**Instructions to follow**
Give the data below again exactly as written, without its pictures.

**Collected material**

.....

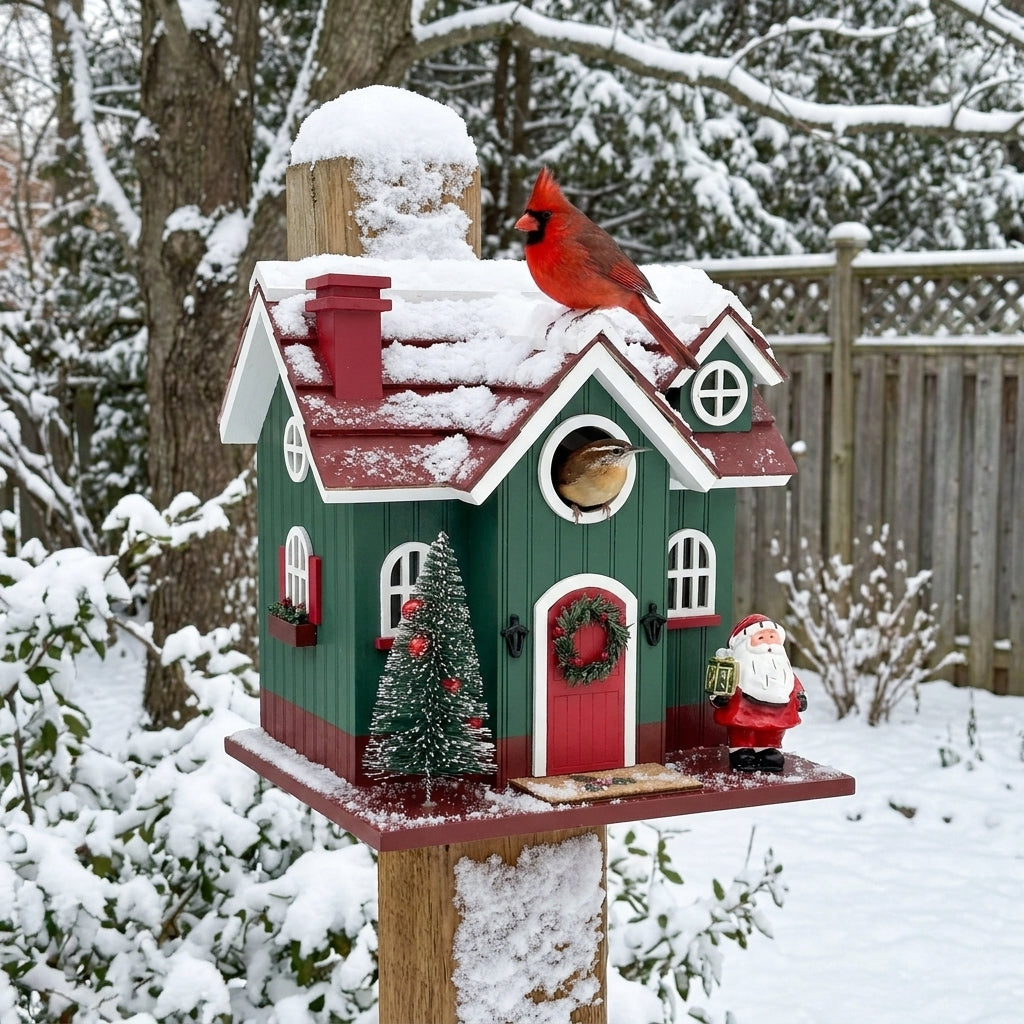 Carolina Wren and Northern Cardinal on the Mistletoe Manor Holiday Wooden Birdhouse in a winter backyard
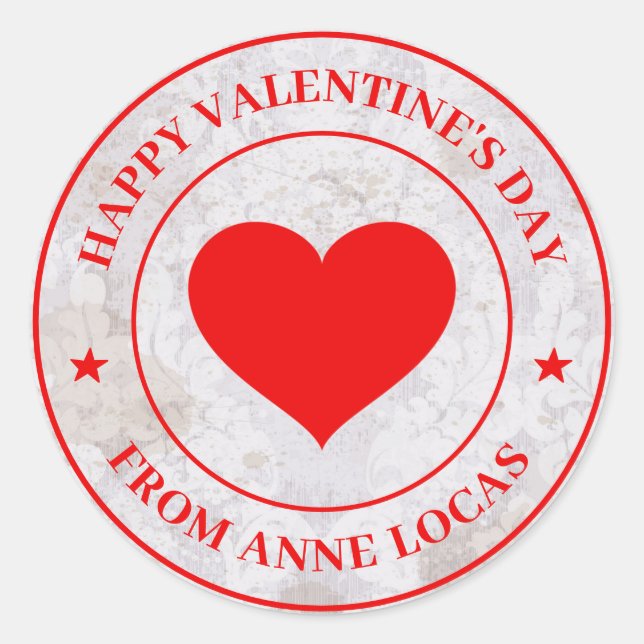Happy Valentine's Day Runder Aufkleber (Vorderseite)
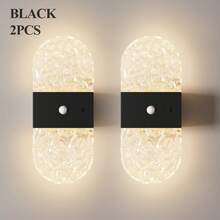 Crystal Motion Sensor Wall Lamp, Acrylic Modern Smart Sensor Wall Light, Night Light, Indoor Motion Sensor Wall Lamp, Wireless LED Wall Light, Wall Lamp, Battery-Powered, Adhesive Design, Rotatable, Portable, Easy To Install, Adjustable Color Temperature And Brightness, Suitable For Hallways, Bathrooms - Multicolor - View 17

.....

**Written reply**
 Carolina Wren and Northern Cardinal on the Mistletoe Manor Holiday Wooden Birdhouse in a winter backyard
Happy Valentine's Day Runder Aufkleber (Vorderseite)
 Crystal Motion Sensor Wall Lamp, Acrylic Modern Smart Sensor Wall Light, Night Light, Indoor Motion Sensor Wall Lamp, Wireless LED Wall Light, Wall Lamp, Battery-Powered, Adhesive Design, Rotatable, Portable, Easy To Install, Adjustable Color Temperature And Brightness, Suitable For Hallways, Bathrooms - Multicolor - View 17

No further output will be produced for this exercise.